Print the data that follows word for word, leaving out any picture.
Top of Dataset extract
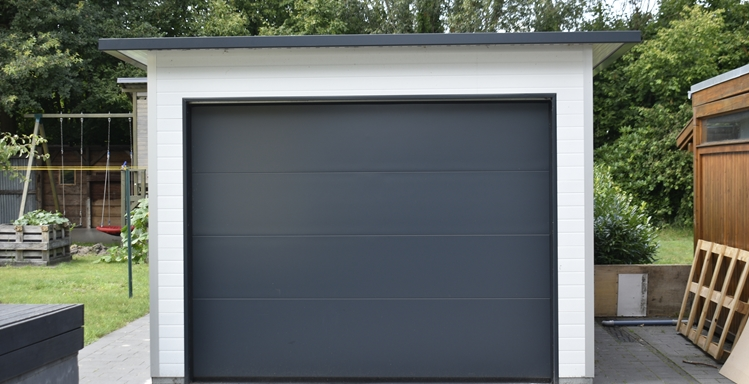 Einzelgarage aus Sandwichpaneelen mit Sektionaltor, moderne Fertiggarage mit Flachdach, energieeffizient und wartungsarm, ideal für Einfamilienhäuser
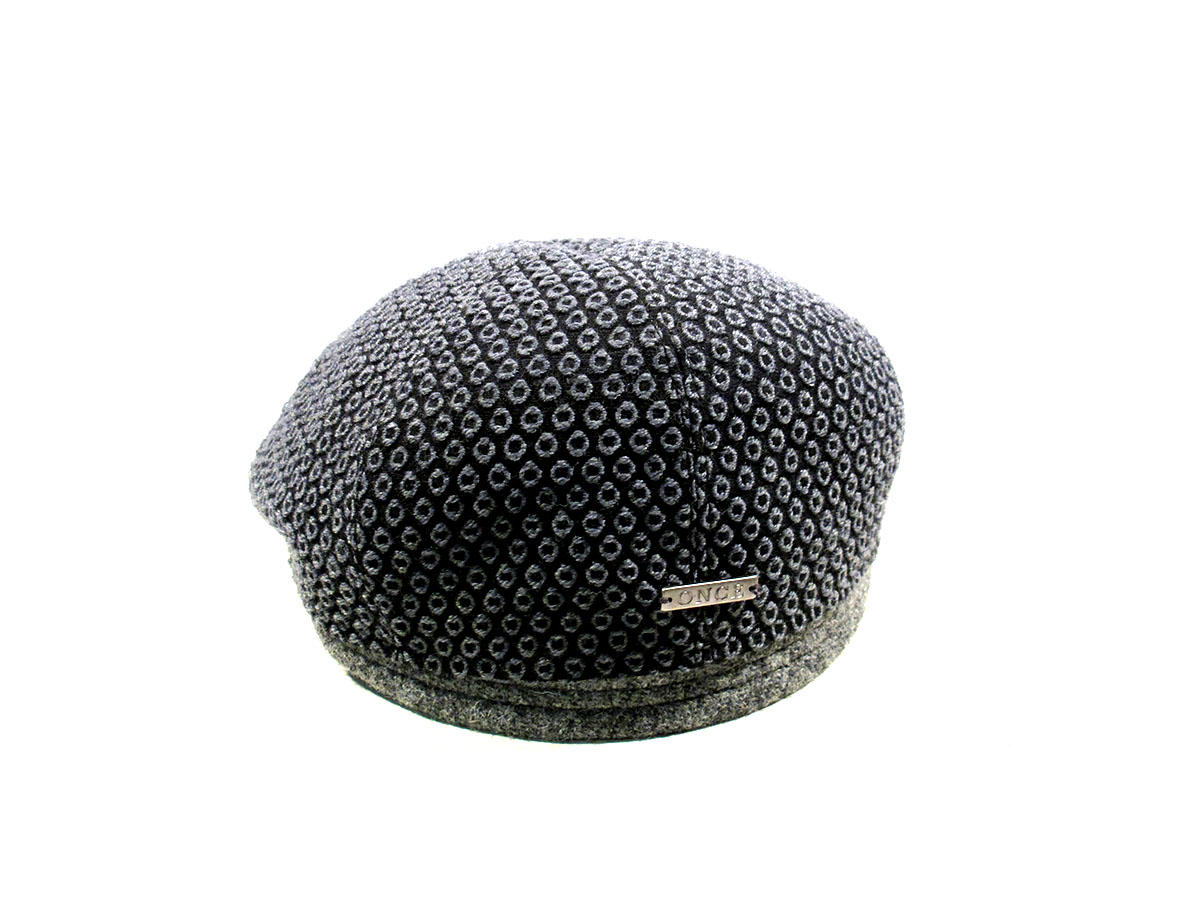 Particolare cappello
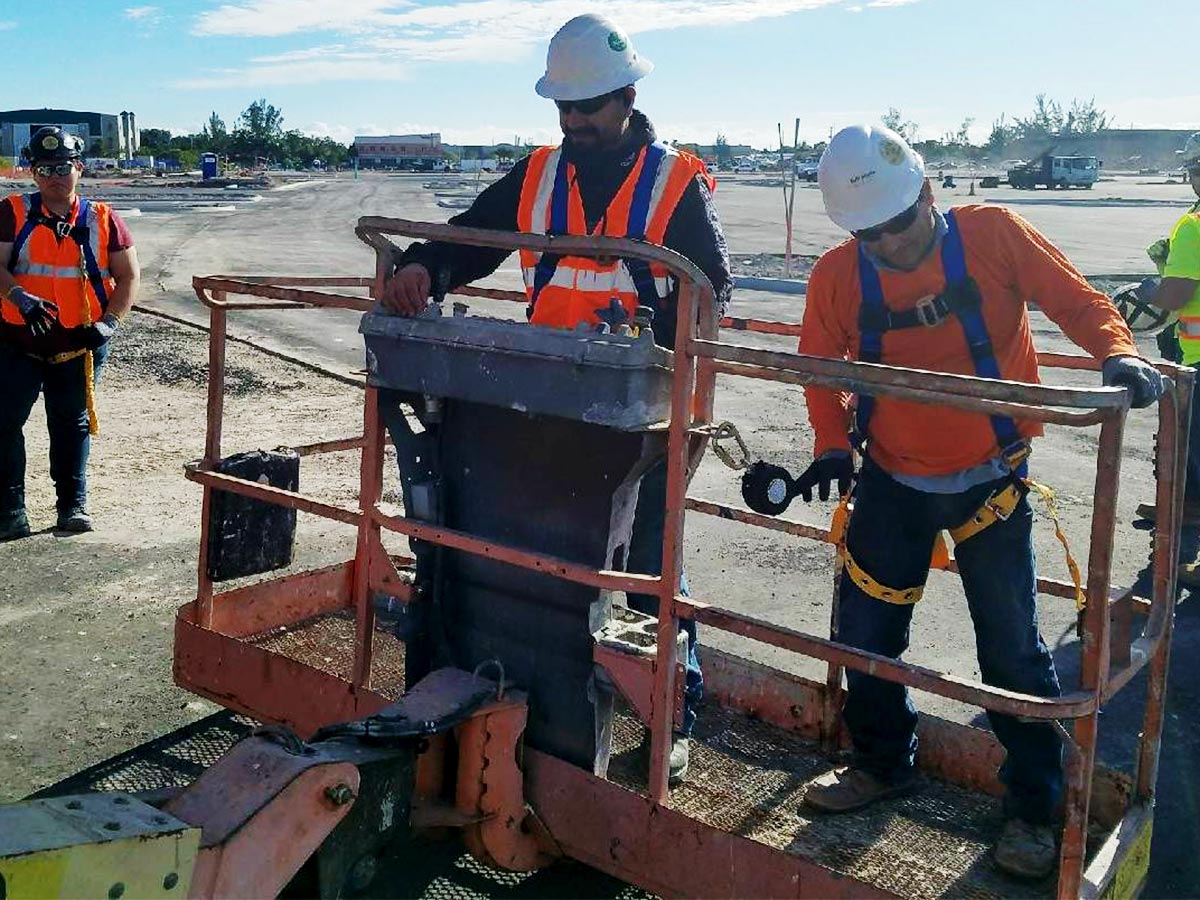 Prevent Fall Accidents With Aerial Scissor Lift Training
Bottom of Dataset extract
Task answer:
 Einzelgarage aus Sandwichpaneelen mit Sektionaltor, moderne Fertiggarage mit Flachdach, energieeffizient und wartungsarm, ideal für Einfamilienhäuser
 Particolare cappello
 Prevent Fall Accidents With Aerial Scissor Lift Training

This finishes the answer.